Destruction as massive cyclones hit Australia
Two powerful cyclones roared ashore in Australia Friday leaving a trail of destruction with buildings severely damaged, trees uprooted and power lines downed, cutting electricity to thousands of people.
Tropical Cyclone Marcia, a category five tempest, slammed into the Queensland coast just after 2200 GMT Thursday with its landfall coming just hours after a second big storm — Cyclone Lam — hit further north.
The category four Lam caused extensive damage to remote Aboriginal communities near Elcho Island, some 500 kilometres (310 miles) east of Northern Territory capital Darwin, including Milingimbi, Ramingining, and Gapuwiyak.
"Initial indications are that there has been substantial damage, initial reports are the airstrip is still intact but covered with debris," regional police commander Bruce Porter said of the Elcho Island community, which was without power and water.
"There are downed power lines. There are a number of trees down and many roads are impassable and we do have a number of buildings and houses that have been severely damaged."
He added that reports suggested structural damage in Milingimbi and Ramingining but Gapuwiyak appeared to have escaped the worst. There were no reports of major injuries.
Further south, howling winds and torrential rain had residents hunkering down to wait out the terrifying conditions whipped up by Marcia with authorities warning of a "calamity".
The storm landed near Shoalwater Bay, north of Yeppoon, a town of 16,000 people some 670 kilometres (415 miles) north of Brisbane. It has since been downgraded to a category four.
Officials earlier forecast Yeppoon to bear the brunt of the storm\’s eye but Queensland Premier Annastacia Palaszczuk said it only "grazed" the town and was now heading for much bigger Rockhampton, home to some 80,000 people.
"We have heard that there has been some trees down and some slight damage to houses," she said of Yeppoon, adding that there was flooding and 30,000 people without power in the area.

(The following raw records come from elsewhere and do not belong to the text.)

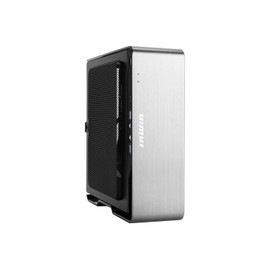 InWin Chopin MAX-Mini-ITX Case-Includes 200W 80+ Gold Power Supply-Supports AMD, Intel CPU-Customizable I/O Strip-Silver-IW-CS-CHOPINMAXSIL-PS200W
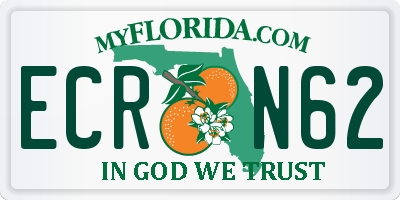 FL license plate ECRN62
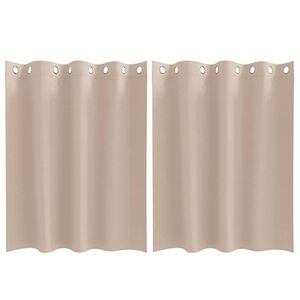 vidaXL &Kappa;&omicron;&upsilon;&rho;&tau;ί&nu;&epsilon;&sigmaf; &Mu;&alpha;ύ&rho;&eta;&sigmaf; Ύ&phi;&alpha;&nu;&sigma;&eta;&sigmaf; &mu;&epsilon; &Delta;&alpha;&chi;&tau;&upsilon;&lambda;ί&delta;&iota;&alpha; 2 pcs Taupe 140 x 140 cm
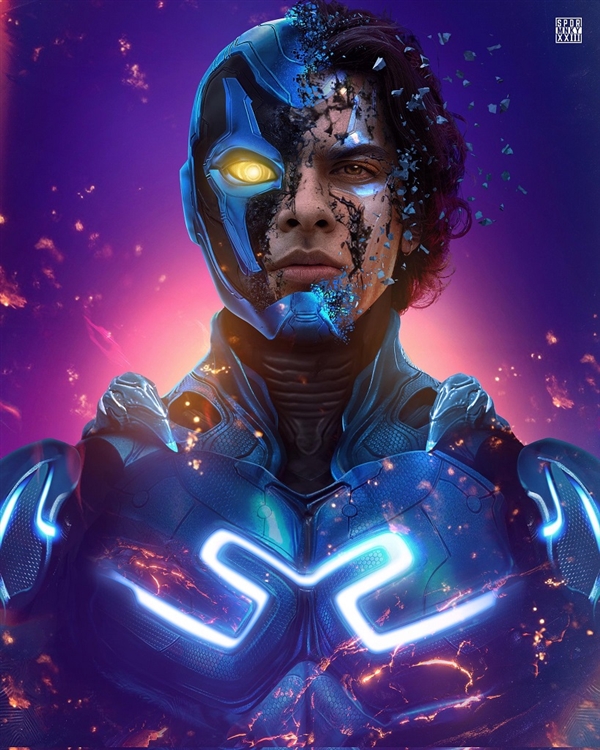 《藍(lán)甲蟲》首映成績比肩《沙贊2》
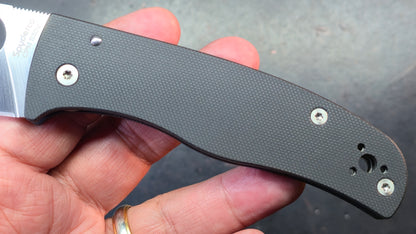 Spyderco Bodacious Black G10 Handle S30V Steel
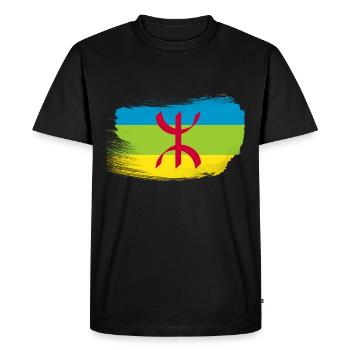 Amazigh - T-shirt Premium bio Homme - noir - Devant - Nico (187cm)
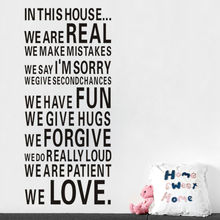 Home Quote Wall Sticker Motivational Words House Rule Vinyl Wall Decal IN THIS HOUSE WE DO REAL Home Decor Living Room D307 2024 - buy cheap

"My message to all of Rockhampton residents is please stay indoors. The eye of this storm is headed directly towards you," added the premier, who was only been in the job officially since last Friday.
Rockhampton is an older town with many structures not built to withstand a cyclone, warned Steve Turton of James Cook University, an expert in Queensland cyclone history.
The impact of Marcia was being felt over a wide area with residents as far away as Brisbane sandbagging their homes and clearing yards of objects that could be whipped away by the wind.
More than 60 schools have been closed and businesses shuttered and a series of domestic flights were cancelled, mostly in and out of Gladstone, Rockhampton, Mackay and Bundaberg.
Massive seas, a deluge of rain, and gusts of up to 295 kilometres per hour (182 miles per hour) were being experienced along the central Queensland coast with a storm surge predicted to raise sea levels three metres (10 feet) higher than normal.
"We\’ve got trees all around us and it sounds like jumbo jets flying all around the top of us. All the trees are starting to fall over," said a man identified as Ted, who called the Australian Broadcasting Corporation from his home in Byfield.
Resort operator Sian Appleton said Great Keppel Island off Yeppoon expected serious damage.
"I think we\’ll probably lose three cabins and maybe even some of the bistro area."
Queensland Police Commissioner Ian Stewart said it was a "desperate situation".
"This is going to be a calamity, no doubt about that," he said ahead of Marcia making landfall.
Queensland has been smashed by several major storms and cyclones over the past few years with Cyclone Oswald, also a category five, flooding parts of the state in 2013, racking up insurance claims of some Aus$977 million (US$765 million).